A virtual seminar organized by a faction of New York City educators to share resources on how to teach students about the “Israeli occupation” and “ongoing genocide in Gaza” is being blasted by lawmakers and advocates as antisemitic and “divisive.”
Bronx Rep. Ritchie Torres (D-NY) eviscerated the city Department of Education after learning of Saturday’s online seminar — which was promoted by at least one public school principal – saying it “aims to push anti-Zionism propaganda and wrongfully inject divisive politics” into Big Apple classrooms.
“You must intervene and stop this event before it is too late,” Torres wrote to Schools Chancellor David Banks in a Friday letter obtained by The Post.
The DOE is “failing its duties to the next generation” by allowing the event to go through and be promoted by Virtual Innovators Academy Principal Terri Grey, who sent out an email which boosted the virtual forum, Torres wrote.
“It is entirely inappropriate and an abdication of responsibilities for the principal of one of our city’s public schools to be encouraging other public school teachers to push their divisive and hateful ideologies on Israel to our borough’s students,” the Bronx congressman said.
Torres’ team said it spoke to the DOE last week to discuss the seminar and asked for it to be canceled, but did not hear back.
DOE spokesman Nathaniel Styer told The Post that the “zoom conference is not affiliated with, endorsed, or hosted by the NYCPS (New York City Public Schools).”
“As such we have no authority over whether or how it is conducted,” Styer said.
Tova Plaut, a teacher and founder of the advocacy group NYCPS Alliance, said hundreds of members sent emails to Banks alerting him about Grey’s email, which she called an “inappropriate use of DOE assets.”
“A NYCPS principal… perpetuating the lies that “the Israeli occupation and the ongoing genocide in Gaza” is truly a textbook example of how people in power can exploit their position to cause grave harm,” she told The Post.
“NYC’s children are being taught lies as facts and these lessons embed hate against Jews.”
Grey, whose school has on-site locations in The Bronx and Brooklyn, recently fired off an email sharing news of the seminar and details on how to RSVP, according to a copy of the message shared with The Post.
The email noted that teachers would be hearing from a panel of legal experts on “how to combat censorship as we strive to create classrooms that foster justice, understanding and healing.”
Styer said that Grey followed up with the original recipients of the email and clarified that “she does not endorse this event, nor was it her intent to promote it.” The DOE claimed the email was not sent to Grey’s staff.
The director of programming and strategy at activist group End Jew Hatred, Michelle Ahdoot, said calls to cancel the event fell on deaf ears, and attempts to join the seminar to include a Jewish voice were also not met with a response.
“The Jewish community feels unheard, unsupported, and marginalized by the failure of the school system to even engage on the crucial issue of antisemitism,” she told The Post.
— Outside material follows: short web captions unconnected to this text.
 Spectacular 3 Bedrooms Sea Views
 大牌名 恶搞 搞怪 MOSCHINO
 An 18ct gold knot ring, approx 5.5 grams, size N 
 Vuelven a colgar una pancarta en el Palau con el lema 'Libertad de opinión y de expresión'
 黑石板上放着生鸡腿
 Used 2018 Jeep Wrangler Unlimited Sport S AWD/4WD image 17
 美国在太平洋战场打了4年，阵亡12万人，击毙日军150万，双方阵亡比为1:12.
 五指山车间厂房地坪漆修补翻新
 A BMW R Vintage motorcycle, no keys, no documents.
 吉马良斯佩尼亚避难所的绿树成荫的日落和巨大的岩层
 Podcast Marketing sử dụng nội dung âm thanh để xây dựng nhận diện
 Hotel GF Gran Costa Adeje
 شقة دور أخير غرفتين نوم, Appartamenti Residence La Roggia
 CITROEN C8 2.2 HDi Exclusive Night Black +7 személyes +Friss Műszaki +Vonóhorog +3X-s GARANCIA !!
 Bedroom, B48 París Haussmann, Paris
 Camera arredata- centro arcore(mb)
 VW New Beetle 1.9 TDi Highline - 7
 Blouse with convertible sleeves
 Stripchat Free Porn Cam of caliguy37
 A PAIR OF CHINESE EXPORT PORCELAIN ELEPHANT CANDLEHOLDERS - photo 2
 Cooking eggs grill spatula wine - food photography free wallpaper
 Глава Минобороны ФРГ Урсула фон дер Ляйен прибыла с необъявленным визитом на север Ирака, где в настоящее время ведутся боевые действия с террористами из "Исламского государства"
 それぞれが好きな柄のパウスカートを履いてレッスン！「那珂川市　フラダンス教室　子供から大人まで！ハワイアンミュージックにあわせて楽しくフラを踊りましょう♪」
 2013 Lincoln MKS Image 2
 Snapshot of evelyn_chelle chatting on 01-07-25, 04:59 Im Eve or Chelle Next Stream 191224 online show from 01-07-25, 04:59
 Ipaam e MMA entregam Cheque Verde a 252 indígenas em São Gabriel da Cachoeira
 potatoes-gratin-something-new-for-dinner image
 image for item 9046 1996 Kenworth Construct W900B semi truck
It’s unclear how many city schoolteachers have RSVPed to the event, which is set to go ahead as planned, and which is organized by the groups Teaching While Muslim and NYC Educators for Palestine.
It is advertised as a place to share resources on how to “get around censorship” and teach students about the “Israeli occupation” and “ongoing genocide in Gaza.
“Teachers will have the opportunity to present and share original lessons and materials they have developed on topics such as Palestinian history, the history of Israeli occupation, and the ongoing genocide in Gaza,” a description of the two-hour seminar said.
“Every teacher who attends the curriculum share will leave with a collection of lessons they can use with their students.”
Banks just earlier this month unveiled a plan to deal with growing tensions related to the Israel-Hamas war — warning that employees “should ensure that expressions of their personal political views are kept separate” from their jobs in city public schools.
“It is deeply traumatizing to see that the chancellor’s statements are not being matched by action,” Ahdoot said on Friday.